An exact restatement of the records below is expected.

§ **Records supplied**:
__________________________________________________
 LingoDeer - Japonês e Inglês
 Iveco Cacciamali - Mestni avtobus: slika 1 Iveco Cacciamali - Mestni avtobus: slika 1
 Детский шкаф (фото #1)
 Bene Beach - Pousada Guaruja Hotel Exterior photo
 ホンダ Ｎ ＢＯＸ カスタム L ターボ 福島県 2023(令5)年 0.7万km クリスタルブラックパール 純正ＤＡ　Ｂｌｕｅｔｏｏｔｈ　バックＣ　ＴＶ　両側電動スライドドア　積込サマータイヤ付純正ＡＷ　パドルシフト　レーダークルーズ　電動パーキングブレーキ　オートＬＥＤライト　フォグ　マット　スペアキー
__________________________________________________
§ **Output of the task**:
 LingoDeer - Japonês e Inglês
 Iveco Cacciamali - Mestni avtobus: slika 1 Iveco Cacciamali - Mestni avtobus: slika 1
 Детский шкаф (фото #1)
 Bene Beach - Pousada Guaruja Hotel Exterior photo
 ホンダ Ｎ ＢＯＸ カスタム L ターボ 福島県 2023(令5)年 0.7万km クリスタルブラックパール 純正ＤＡ　Ｂｌｕｅｔｏｏｔｈ　バックＣ　ＴＶ　両側電動スライドドア　積込サマータイヤ付純正ＡＷ　パドルシフト　レーダークルーズ　電動パーキングブレーキ　オートＬＥＤライト　フォグ　マット　スペアキー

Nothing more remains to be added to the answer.